But the parenting scenario which I have envisioned for this family will be that dad will have the kids on Tuesdays and Wednesdays, so when kids get out of the school on Tuesday, they will go to his house.
You will have them that night, you will have them all day Wednesday, and he take them back to school on Thursday, and he will have them every other weekend from Friday till Monday. So one week he will have them after school on Tuesday, he'll have them Wednesday, he will have them, take them to school on Thursday.
If it's his weekend, he will get them after school on Friday. He will have them Friday, Saturday, Sunday, and he will take them to school on Monday.
After school on Monday, they will come to your house. They will be there till Tuesday after school, where they will go with him. They'll be there Tuesday, Wednesday, and to school on Thursday. That next week will be your weekend. You will have them Thursday, Friday, Saturday, Sunday, Monday, and you will drop them off to school on Tuesday, and after school, they will go to him.
It's a [] pure 50/50, and the longest you're ever away from your kids is about four days, and I think it works.

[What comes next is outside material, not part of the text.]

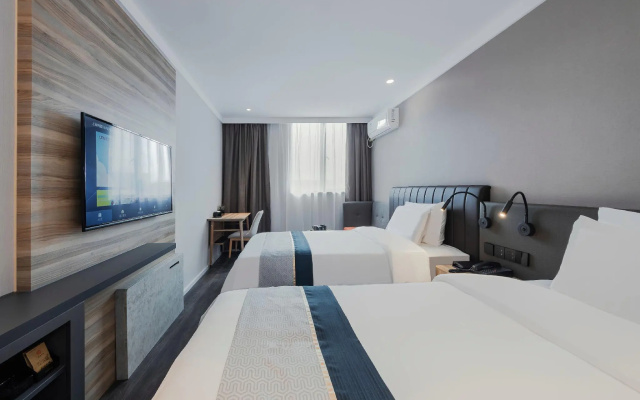 Home Inn Selected (Shanghai New International Expo Center, Guanglan Road Metro Station) – Guest Rooms – Shanghai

It makes him be a parent in the school realm, it allow[s] you to be a parent in the school realm, and I think that this is what these kids deserve.

         The magistrate further ordered that Father, Mother, A.O., and E.O. attend counseling due to the fact that E.O. and A.O. had a strained relationship with Father. The magistrate ordered that the new custody arrangement would not come into effect until the first of the year so as to not burden the children with the change during the holidays. The court added that the custody arrangement was "subject to me seeing something in the reports [from the counselor] that makes me say, wait a minute, I think we need to wait a little bit longer to get this done."

         On January 4, 2016, there was a status conference held, which was not recorded. Apparently, at the time of the status conference, the counselor's report had not been completed. Despite this fact, the magistrate ordered the parties to immediately begin to follow the new 50/50 shared custody schedule that it had announced at the hearing on the Motion to Reconsider (Third Custody Order).

         On January 11, 2016, Father filed a Motion to Stay, requesting the court stay its order instituting the 50/50 custody schedule, and also filed a Motion for Permissive Appeal to the Idaho Supreme Court. Mother filed an Objection to Motion to Stay on January 12, 2016, but on January 14, 2016, the magistrate entered an Order Re: Motion for Stay without a hearing. Following the entry of the Order Re: Motion for Stay, Mother filed several motions with the magistrate court, including a Rule 108 Motion to Disqualify for Cause; a Rule 807 Motion for a New Trial; a Rule 119 Motion to Allow the Declarations of A.O. and E.O.; a Rule 812 and Rule 814 Motion to Stay; and a Motion for Permissive Appeal.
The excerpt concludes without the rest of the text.